Record set ::
######

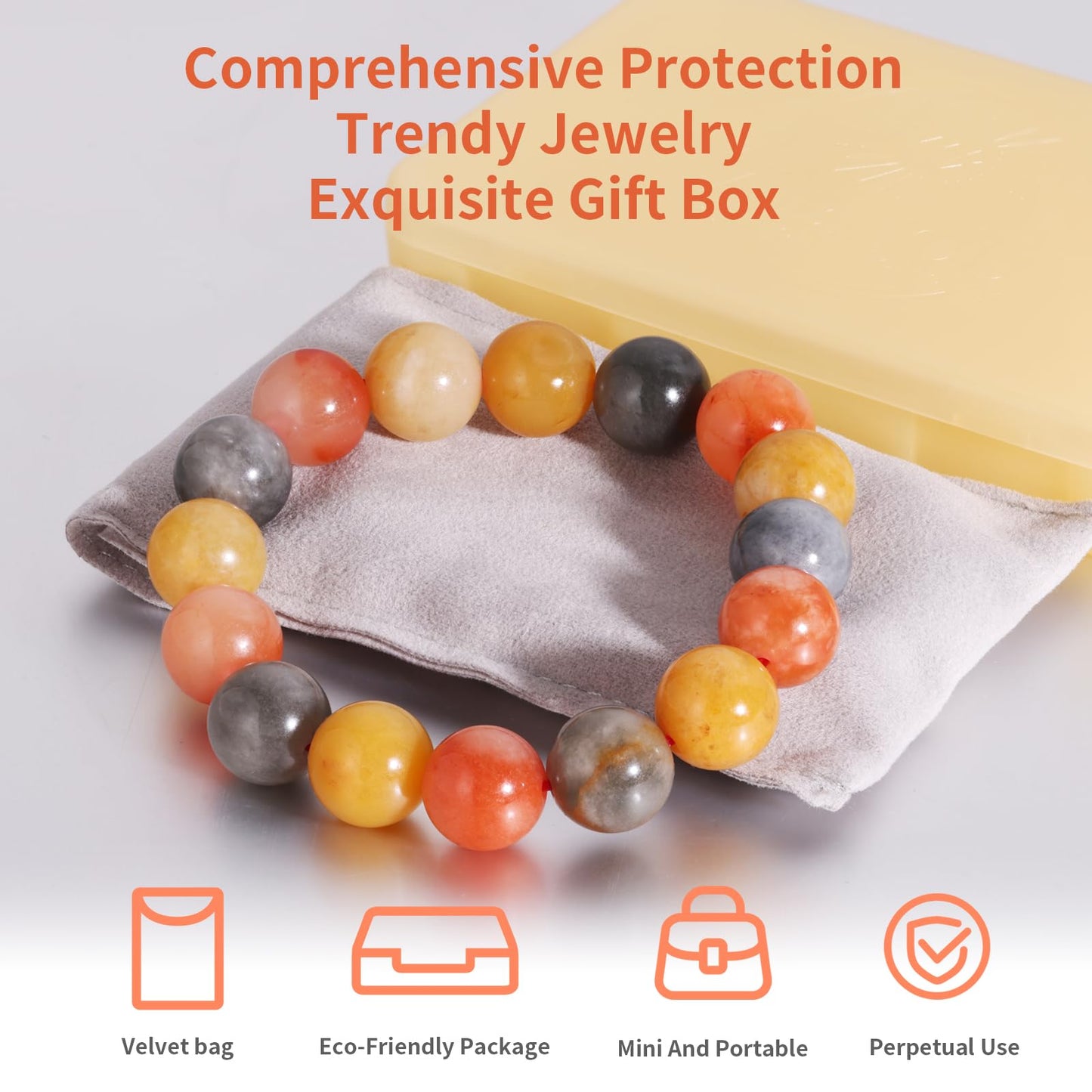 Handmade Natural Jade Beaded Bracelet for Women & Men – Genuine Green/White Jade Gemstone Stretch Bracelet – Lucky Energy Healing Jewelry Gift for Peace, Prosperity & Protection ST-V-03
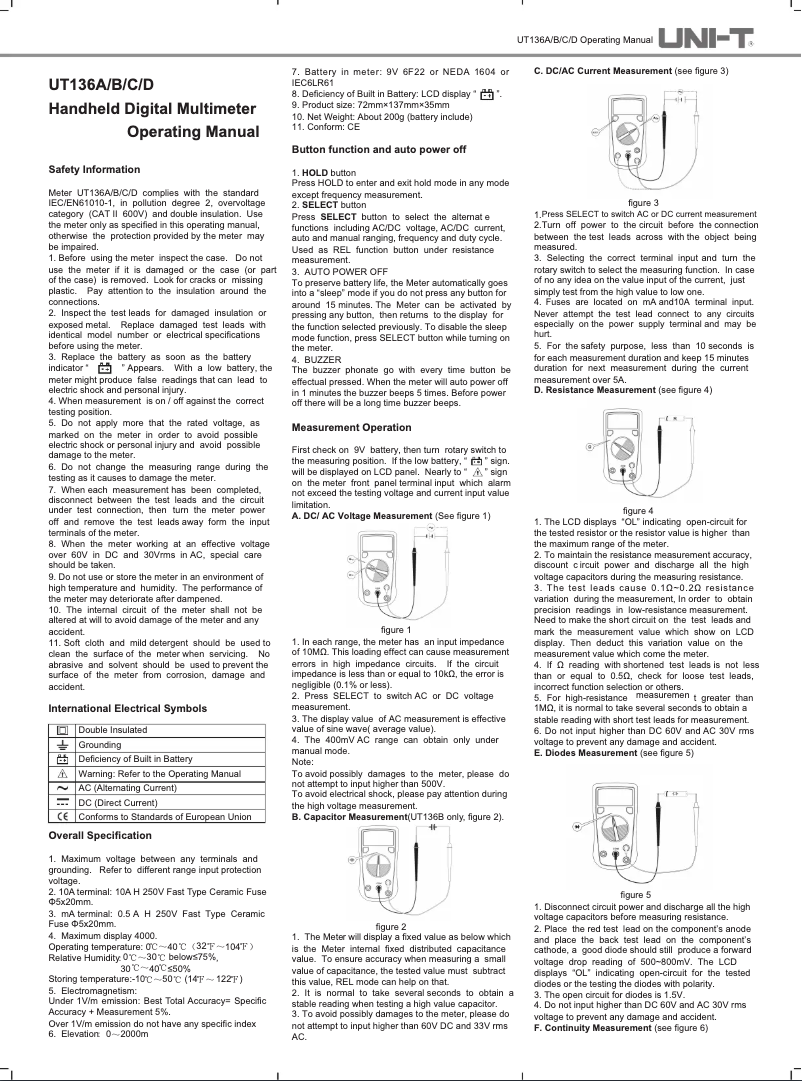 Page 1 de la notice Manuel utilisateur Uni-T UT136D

######

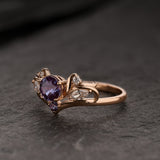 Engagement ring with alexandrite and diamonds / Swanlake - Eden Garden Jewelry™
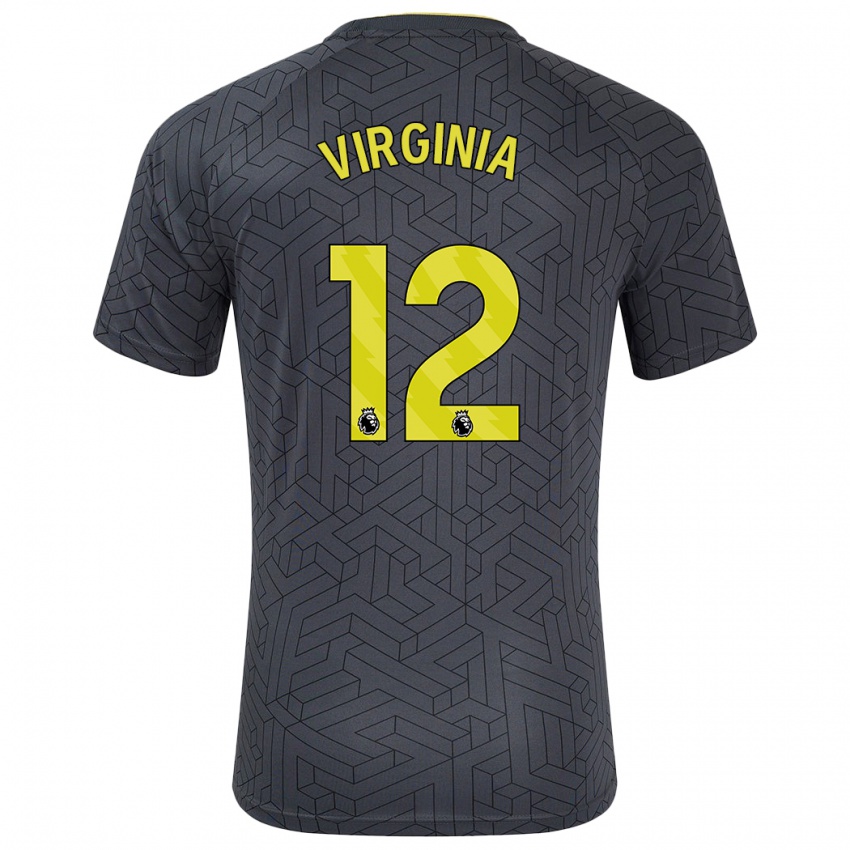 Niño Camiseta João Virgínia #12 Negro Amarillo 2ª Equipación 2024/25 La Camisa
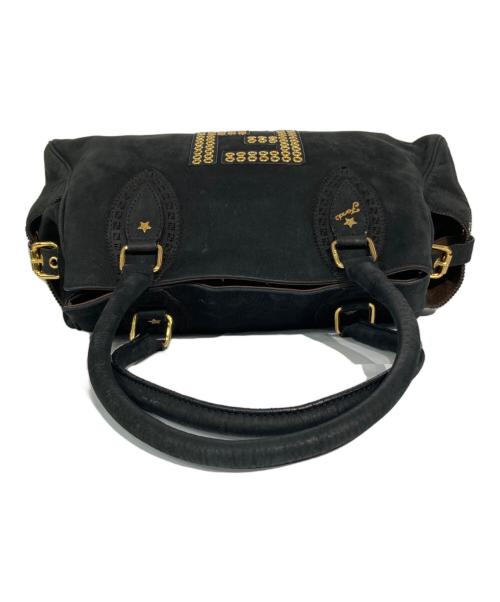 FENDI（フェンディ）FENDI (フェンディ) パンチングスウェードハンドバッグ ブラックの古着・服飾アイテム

######

What the task asks ::
Among the entries above, take the line with "Niño Camiseta João", the line with "FENDI（フェンディ）FENDI (フェンディ) パンチングスウェードハンドバッグ", and all the lines between them, and restate them word for word without pictures.

Completed task ::
 Niño Camiseta João Virgínia #12 Negro Amarillo 2ª Equipación 2024/25 La Camisa
 FENDI（フェンディ）FENDI (フェンディ) パンチングスウェードハンドバッグ ブラックの古着・服飾アイテム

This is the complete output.